In my Forbes column last week, I discuss the incredible similarity between the computer models that are used to justify the Obama stimulus and the climate models that form the basis for the proposition that manmade CO2 is causing most of the world’s warming.
The climate modeling approach is so similar to that used by the CEA to score the stimulus that there is even a climate equivalent to the multiplier found in macro-economic models. In climate models, small amounts of warming from man-made CO2 are multiplied many-fold to catastrophic levels by hypothetical positive feedbacks, in the same way that the first-order effects of government spending are multiplied in Keynesian economic models. In both cases, while these multipliers are the single most important drivers of the models’ results, they also tend to be the most controversial assumptions. In an odd parallel, you can find both stimulus and climate debates arguing whether their multiplier is above or below one.
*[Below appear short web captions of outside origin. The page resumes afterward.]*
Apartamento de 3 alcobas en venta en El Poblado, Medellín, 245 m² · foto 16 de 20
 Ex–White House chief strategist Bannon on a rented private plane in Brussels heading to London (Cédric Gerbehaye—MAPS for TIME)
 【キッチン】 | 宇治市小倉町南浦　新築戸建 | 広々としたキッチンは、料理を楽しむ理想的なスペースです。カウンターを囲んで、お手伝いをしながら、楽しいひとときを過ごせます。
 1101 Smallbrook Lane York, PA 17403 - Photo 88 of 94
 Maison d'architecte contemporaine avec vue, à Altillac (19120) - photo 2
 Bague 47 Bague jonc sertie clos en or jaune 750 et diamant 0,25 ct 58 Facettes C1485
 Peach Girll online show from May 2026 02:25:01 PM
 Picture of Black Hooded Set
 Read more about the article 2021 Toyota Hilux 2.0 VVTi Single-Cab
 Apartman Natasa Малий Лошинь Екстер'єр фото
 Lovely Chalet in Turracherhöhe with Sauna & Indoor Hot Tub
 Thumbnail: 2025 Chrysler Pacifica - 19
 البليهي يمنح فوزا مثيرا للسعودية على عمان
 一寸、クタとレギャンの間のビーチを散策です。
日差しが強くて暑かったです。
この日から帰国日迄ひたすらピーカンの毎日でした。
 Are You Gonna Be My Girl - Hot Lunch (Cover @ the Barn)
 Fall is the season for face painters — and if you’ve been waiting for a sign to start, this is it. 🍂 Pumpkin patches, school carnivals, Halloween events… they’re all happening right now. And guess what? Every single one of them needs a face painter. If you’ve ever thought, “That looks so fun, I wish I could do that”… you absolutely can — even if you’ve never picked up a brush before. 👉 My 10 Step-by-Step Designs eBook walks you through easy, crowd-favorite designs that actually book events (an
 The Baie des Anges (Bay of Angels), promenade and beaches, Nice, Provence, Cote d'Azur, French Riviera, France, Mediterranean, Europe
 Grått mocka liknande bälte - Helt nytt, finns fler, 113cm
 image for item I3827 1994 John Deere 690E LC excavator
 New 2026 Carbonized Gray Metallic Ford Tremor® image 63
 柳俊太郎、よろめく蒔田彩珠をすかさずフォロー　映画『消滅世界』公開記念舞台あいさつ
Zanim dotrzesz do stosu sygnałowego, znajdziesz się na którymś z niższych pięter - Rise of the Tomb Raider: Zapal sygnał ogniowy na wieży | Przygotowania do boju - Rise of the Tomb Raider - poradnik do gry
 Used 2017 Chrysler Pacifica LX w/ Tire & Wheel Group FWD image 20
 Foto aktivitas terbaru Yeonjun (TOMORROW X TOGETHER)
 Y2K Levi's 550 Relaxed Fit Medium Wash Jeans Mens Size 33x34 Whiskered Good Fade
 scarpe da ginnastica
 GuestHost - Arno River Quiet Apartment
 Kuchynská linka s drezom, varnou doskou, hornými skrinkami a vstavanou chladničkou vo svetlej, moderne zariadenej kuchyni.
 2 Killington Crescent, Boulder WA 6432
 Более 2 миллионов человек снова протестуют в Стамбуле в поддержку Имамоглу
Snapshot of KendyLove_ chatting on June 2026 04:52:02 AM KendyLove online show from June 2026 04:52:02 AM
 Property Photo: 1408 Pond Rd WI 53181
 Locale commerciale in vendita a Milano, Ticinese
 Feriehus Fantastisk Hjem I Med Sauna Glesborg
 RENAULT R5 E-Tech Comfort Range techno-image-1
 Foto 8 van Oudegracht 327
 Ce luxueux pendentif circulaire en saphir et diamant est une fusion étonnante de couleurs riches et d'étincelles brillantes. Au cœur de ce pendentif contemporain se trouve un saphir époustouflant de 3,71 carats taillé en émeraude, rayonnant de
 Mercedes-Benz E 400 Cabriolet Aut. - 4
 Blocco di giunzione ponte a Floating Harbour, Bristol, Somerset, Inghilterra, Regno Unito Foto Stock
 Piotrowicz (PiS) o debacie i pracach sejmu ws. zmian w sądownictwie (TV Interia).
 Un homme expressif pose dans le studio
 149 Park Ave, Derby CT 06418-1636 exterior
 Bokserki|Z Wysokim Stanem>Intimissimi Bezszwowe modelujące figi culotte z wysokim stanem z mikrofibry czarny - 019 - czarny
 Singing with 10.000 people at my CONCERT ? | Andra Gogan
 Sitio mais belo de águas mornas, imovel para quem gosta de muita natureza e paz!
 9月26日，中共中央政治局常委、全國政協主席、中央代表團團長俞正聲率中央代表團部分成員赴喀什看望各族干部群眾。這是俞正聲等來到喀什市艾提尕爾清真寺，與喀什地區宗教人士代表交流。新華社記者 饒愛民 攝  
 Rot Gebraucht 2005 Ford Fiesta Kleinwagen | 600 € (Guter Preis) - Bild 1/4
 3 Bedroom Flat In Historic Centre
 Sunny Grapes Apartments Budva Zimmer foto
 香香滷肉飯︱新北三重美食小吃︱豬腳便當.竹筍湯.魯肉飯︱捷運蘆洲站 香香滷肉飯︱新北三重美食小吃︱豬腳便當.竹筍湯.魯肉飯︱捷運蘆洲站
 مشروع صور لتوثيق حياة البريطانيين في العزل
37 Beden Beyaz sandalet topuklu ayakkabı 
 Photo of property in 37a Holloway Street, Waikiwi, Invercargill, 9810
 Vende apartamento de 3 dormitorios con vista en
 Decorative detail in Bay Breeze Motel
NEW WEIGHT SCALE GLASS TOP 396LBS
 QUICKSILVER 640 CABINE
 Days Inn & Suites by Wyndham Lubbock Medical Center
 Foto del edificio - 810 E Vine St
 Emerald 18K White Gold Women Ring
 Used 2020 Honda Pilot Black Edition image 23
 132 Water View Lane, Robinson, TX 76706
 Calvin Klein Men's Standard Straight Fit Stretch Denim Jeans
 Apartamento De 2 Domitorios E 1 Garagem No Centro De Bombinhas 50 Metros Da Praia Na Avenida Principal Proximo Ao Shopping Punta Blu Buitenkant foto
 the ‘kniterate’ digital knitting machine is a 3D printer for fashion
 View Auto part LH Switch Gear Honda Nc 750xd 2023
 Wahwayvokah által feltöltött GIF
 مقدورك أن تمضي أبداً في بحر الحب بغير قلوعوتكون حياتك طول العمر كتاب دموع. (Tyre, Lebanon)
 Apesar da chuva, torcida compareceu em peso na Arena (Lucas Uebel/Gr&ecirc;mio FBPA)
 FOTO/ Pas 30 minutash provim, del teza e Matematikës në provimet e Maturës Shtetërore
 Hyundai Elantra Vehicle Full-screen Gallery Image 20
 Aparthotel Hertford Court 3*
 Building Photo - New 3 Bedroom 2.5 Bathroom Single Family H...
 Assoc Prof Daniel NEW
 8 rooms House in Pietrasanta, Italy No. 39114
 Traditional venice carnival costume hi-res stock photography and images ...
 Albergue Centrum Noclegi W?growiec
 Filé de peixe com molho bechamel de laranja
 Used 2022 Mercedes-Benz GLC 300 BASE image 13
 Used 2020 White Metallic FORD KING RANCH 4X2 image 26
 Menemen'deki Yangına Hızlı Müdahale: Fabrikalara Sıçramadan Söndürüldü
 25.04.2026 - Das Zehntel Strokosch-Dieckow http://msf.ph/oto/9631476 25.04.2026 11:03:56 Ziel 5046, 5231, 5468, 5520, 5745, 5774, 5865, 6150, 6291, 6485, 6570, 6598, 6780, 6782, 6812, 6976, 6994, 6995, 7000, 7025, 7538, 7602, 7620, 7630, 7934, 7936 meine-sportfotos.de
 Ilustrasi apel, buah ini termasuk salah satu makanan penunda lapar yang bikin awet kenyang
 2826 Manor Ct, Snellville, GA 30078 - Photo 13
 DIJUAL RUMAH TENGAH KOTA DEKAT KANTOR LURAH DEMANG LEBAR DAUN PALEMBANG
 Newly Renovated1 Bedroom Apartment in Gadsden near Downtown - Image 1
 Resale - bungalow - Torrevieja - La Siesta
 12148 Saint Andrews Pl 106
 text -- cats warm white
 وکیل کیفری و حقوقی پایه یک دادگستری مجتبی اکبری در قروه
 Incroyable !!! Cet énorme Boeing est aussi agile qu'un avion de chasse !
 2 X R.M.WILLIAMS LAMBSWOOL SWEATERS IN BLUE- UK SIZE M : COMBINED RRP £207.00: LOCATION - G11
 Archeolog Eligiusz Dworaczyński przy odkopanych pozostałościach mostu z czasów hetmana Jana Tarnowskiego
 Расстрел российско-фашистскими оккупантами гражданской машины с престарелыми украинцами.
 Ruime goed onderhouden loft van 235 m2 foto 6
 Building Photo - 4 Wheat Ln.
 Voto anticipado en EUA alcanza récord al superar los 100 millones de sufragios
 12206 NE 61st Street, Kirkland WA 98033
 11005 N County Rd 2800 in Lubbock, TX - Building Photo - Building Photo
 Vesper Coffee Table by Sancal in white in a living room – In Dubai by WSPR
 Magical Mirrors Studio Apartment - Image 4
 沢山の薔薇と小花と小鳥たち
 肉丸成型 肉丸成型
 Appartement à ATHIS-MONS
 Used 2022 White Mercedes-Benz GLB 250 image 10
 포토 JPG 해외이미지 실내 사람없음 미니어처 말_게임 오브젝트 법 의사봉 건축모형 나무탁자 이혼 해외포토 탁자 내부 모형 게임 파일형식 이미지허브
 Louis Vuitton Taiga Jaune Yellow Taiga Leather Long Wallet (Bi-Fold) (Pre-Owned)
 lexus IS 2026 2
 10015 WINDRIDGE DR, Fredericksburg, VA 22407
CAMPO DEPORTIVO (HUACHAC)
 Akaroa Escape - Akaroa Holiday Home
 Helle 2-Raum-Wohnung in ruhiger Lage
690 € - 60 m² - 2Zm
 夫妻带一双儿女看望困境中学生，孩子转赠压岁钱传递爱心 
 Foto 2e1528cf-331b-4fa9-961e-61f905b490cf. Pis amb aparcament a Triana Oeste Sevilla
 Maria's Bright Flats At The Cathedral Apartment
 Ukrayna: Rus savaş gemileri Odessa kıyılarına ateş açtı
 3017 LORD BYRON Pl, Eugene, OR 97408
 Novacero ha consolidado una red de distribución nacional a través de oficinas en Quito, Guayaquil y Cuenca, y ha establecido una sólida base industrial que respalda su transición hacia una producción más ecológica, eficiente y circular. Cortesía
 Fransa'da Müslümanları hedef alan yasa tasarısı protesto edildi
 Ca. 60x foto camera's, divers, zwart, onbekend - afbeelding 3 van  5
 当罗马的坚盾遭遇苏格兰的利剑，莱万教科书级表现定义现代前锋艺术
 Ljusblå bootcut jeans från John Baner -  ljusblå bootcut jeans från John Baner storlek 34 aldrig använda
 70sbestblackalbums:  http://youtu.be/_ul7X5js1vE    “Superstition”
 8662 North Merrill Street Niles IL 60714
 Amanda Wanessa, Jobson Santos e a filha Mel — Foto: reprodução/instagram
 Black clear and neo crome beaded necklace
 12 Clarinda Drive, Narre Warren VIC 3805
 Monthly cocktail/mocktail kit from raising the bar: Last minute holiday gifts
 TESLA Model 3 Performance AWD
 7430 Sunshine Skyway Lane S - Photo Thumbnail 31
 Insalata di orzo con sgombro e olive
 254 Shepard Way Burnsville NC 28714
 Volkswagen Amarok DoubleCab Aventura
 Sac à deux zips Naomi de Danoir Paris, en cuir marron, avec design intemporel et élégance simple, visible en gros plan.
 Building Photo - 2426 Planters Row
How similar does this sound to climate science:
If macroeconometrics were a viable paradigm, we would have seen major efforts to try to bring this sort of model up to date from its 1975 time warp. However, for reasons I have documented, the profession has decided that this macroeconometric project was a blind alley. Nobody bothered to bring these models up to date, because that would be like trying to bring astrology up to date.
This, from Arnold Kling about macroeconomic models could have been written just as well to describe the process for running climate models
Thirty-five years ago, I was Blinder’s research assistant, doing these sorts of simulations on the Fed-MIT-Penn model for the Congressional Budget Office. I think they are still done the same way. See lecture 13. Here are some of the things that Blinder had to tell his new research assistant to do.1. Make sure that there were channels in the model for credit market conditions to affect consumption and investment.
2. Correct the model’s past forecast errors, so that it would track the actual behavior of the economy over the past two years exactly. With the appropriate “add factors” or correction factors, the model then produces a “baseline scenario” that matches history and then projects out to the future. For the future, a judgment call has to be made as to how rapidly the add factors should decay. That is mostly a matter of aesthetics.
3. Simulate the model without the fiscal stimulus. This will result in the model’s standard multiplier analysis.
4. Make up an alternative path for what you think would have happened in credit markets without TARP and other extraordinary measures. For example, you might assume that mortgage interest rates would have been one percentage point higher than they actually were.
5. Simulate the model with this alternative scenario for credit market conditions.
6. (4) and (5) together create a fictional scenario of how the economy would have performed had the government not taken steps to fight the crisis. According to the model, this fictional scenario would have been horrid, with unemployment around 15 percent.
In the case of climate, the equivalent fictional scenario would be the world without manmade CO2, but the process of tweaking input variables and assuming one’s conclusions is the same.